__Exercise prompt__:
Please restate the entries below word for word, leaving out any pictures.

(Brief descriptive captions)
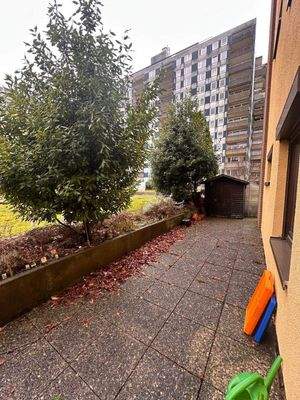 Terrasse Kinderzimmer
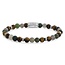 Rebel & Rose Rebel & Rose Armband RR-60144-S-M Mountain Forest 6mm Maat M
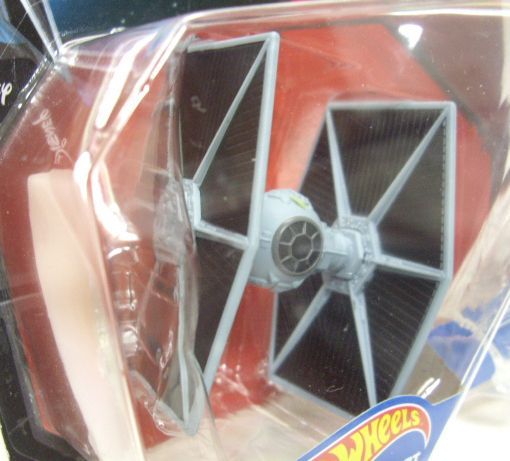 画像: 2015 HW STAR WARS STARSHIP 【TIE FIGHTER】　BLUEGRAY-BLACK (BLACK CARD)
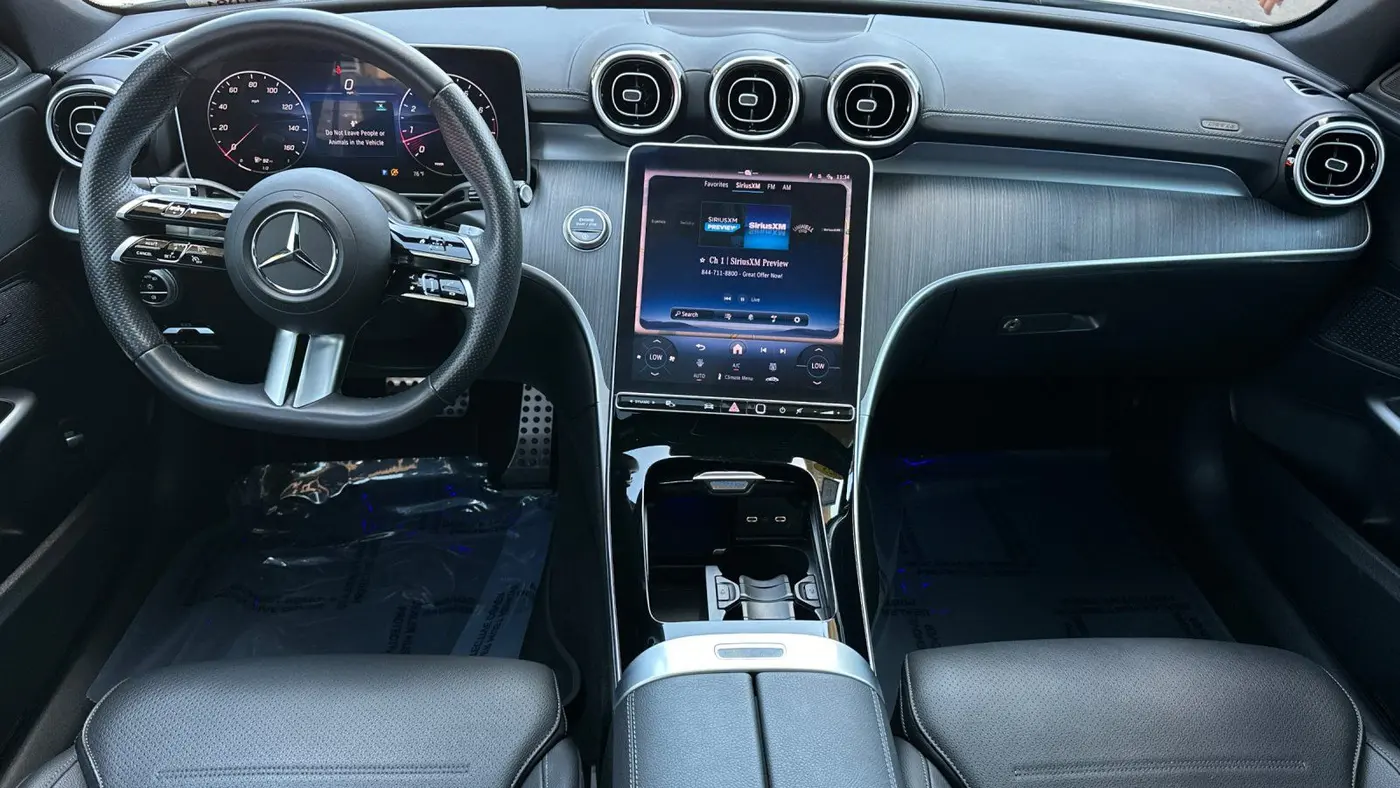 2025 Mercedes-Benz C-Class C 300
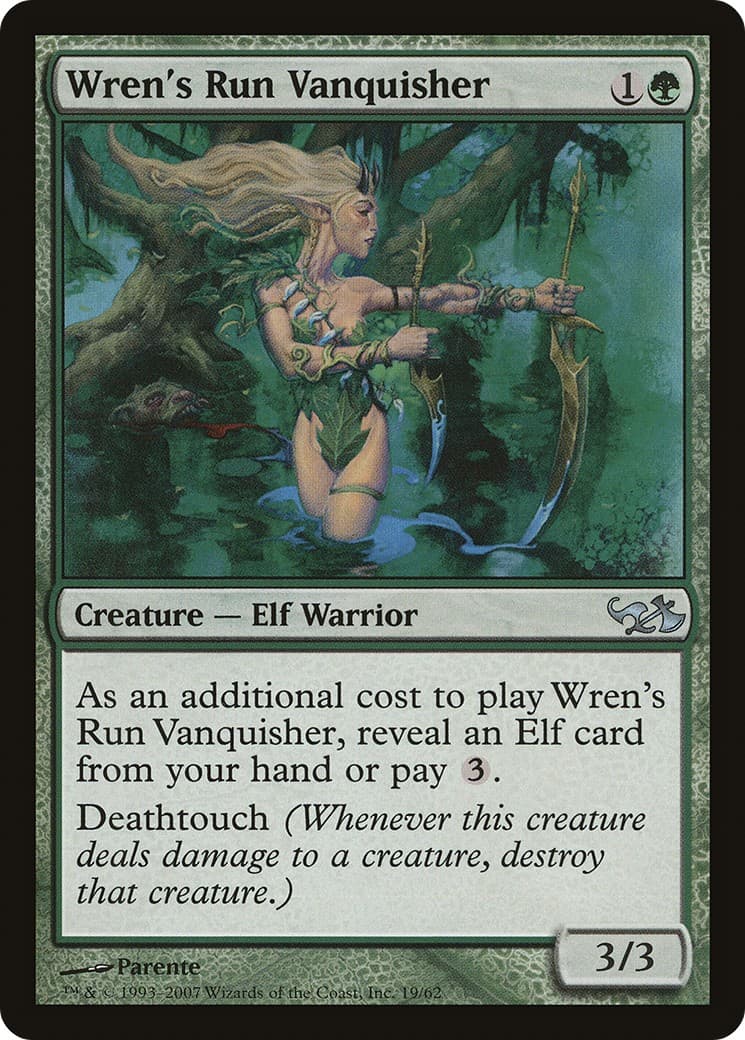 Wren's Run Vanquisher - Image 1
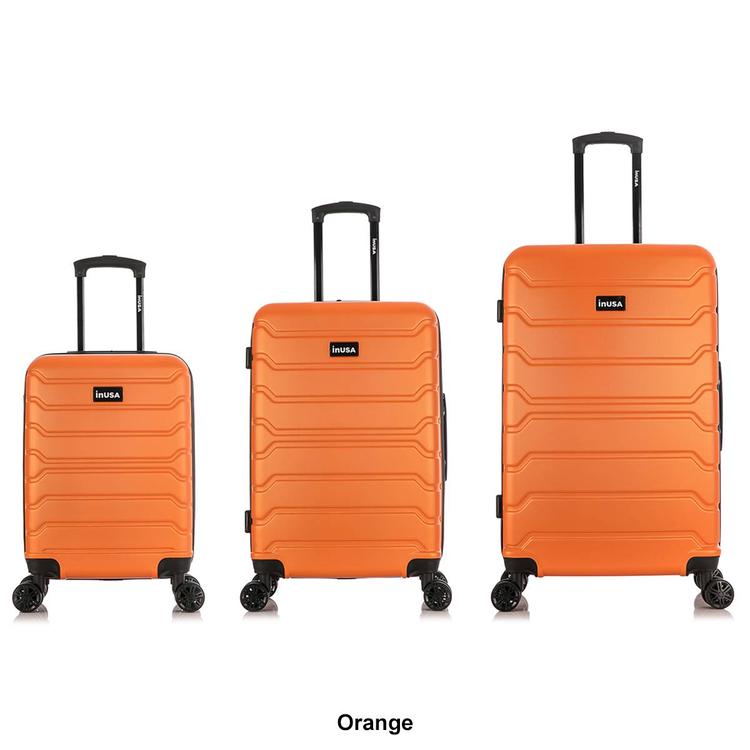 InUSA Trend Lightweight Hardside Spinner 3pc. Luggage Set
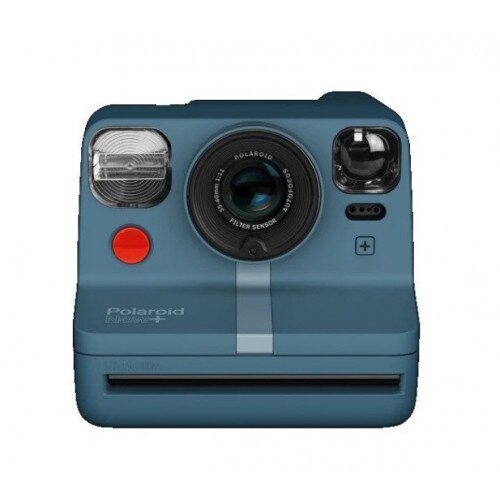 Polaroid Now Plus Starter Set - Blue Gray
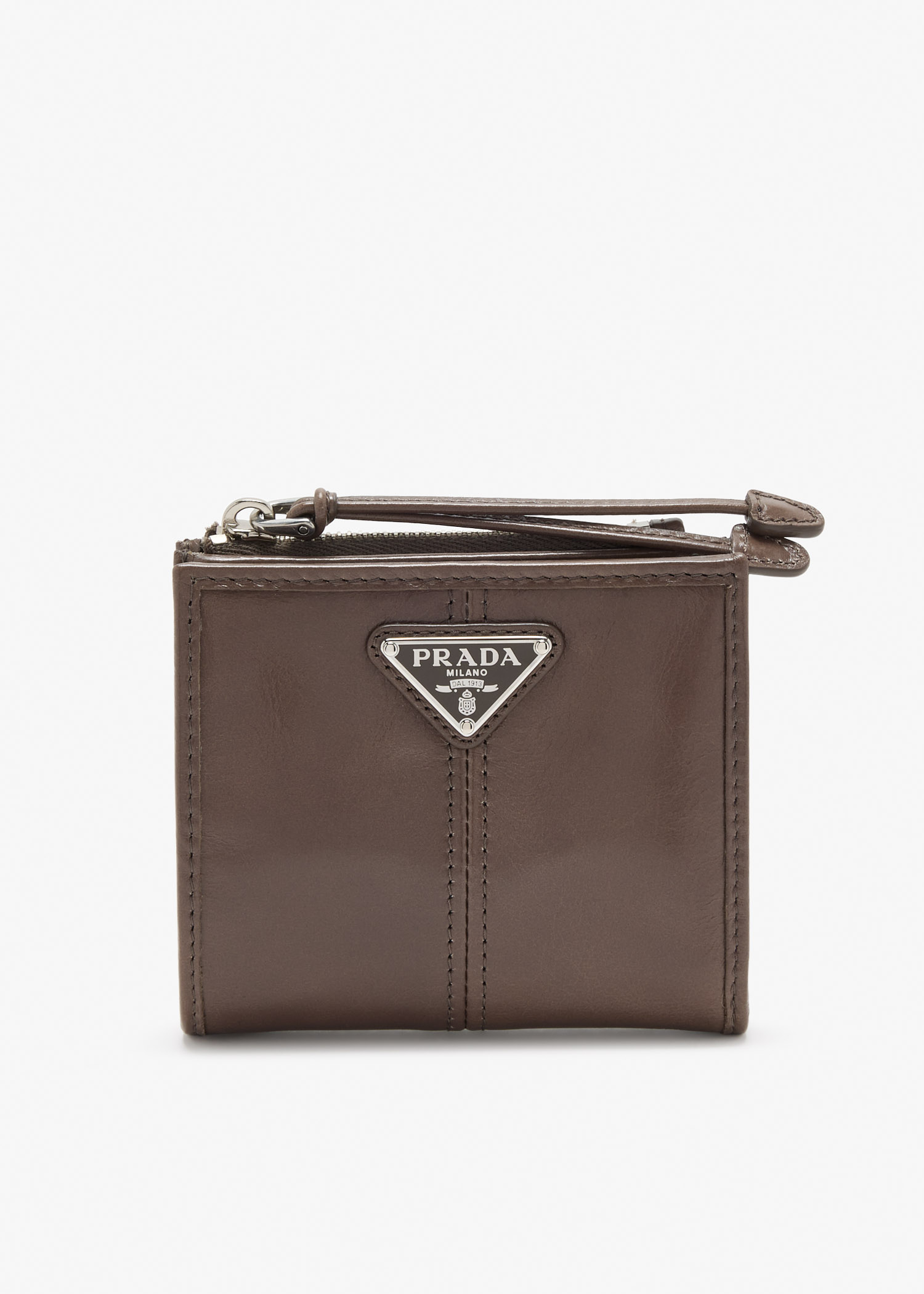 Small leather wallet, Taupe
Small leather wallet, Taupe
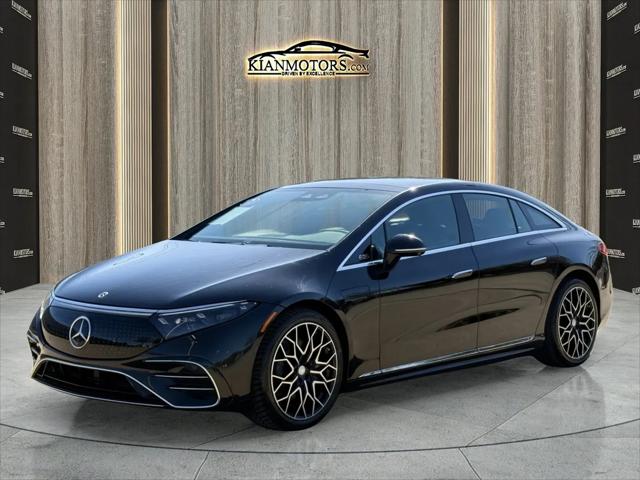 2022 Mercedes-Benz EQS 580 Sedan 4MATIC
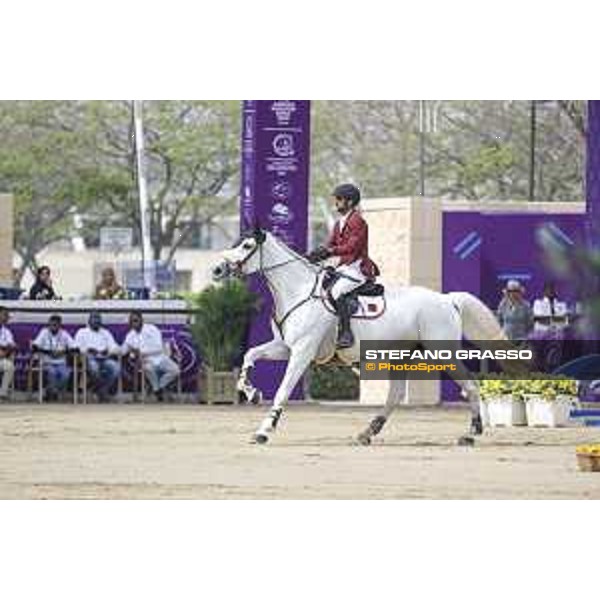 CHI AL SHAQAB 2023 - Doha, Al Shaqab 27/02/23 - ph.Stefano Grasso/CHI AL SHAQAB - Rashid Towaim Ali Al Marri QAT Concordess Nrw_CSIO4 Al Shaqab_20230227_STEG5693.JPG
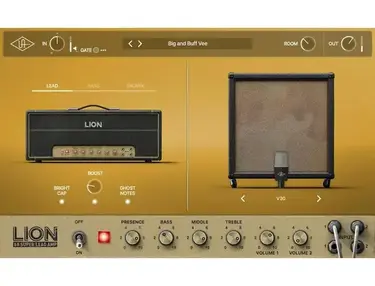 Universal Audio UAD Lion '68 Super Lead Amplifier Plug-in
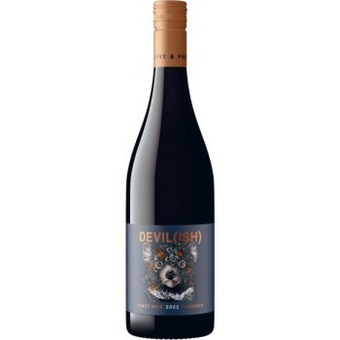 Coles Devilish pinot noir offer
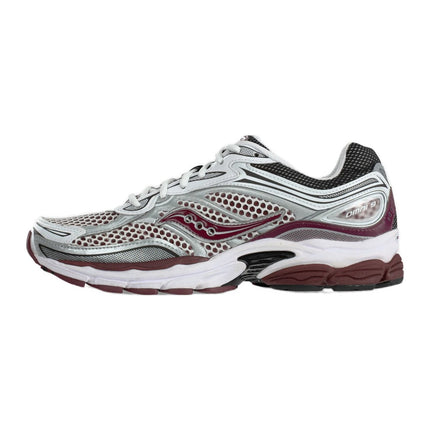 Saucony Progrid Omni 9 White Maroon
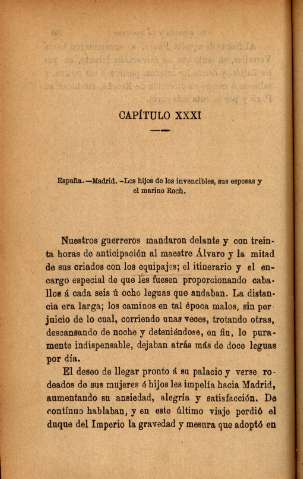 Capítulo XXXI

__Solved exercise__:
 Terrasse Kinderzimmer
 Rebel & Rose Rebel & Rose Armband RR-60144-S-M Mountain Forest 6mm Maat M
 画像: 2015 HW STAR WARS STARSHIP 【TIE FIGHTER】　BLUEGRAY-BLACK (BLACK CARD)
 2025 Mercedes-Benz C-Class C 300
 Wren's Run Vanquisher - Image 1
 InUSA Trend Lightweight Hardside Spinner 3pc. Luggage Set
 Polaroid Now Plus Starter Set - Blue Gray
 Small leather wallet, Taupe
Small leather wallet, Taupe
 2022 Mercedes-Benz EQS 580 Sedan 4MATIC
 CHI AL SHAQAB 2023 - Doha, Al Shaqab 27/02/23 - ph.Stefano Grasso/CHI AL SHAQAB - Rashid Towaim Ali Al Marri QAT Concordess Nrw_CSIO4 Al Shaqab_20230227_STEG5693.JPG
 Universal Audio UAD Lion '68 Super Lead Amplifier Plug-in
 Coles Devilish pinot noir offer
 Saucony Progrid Omni 9 White Maroon
 Capítulo XXXI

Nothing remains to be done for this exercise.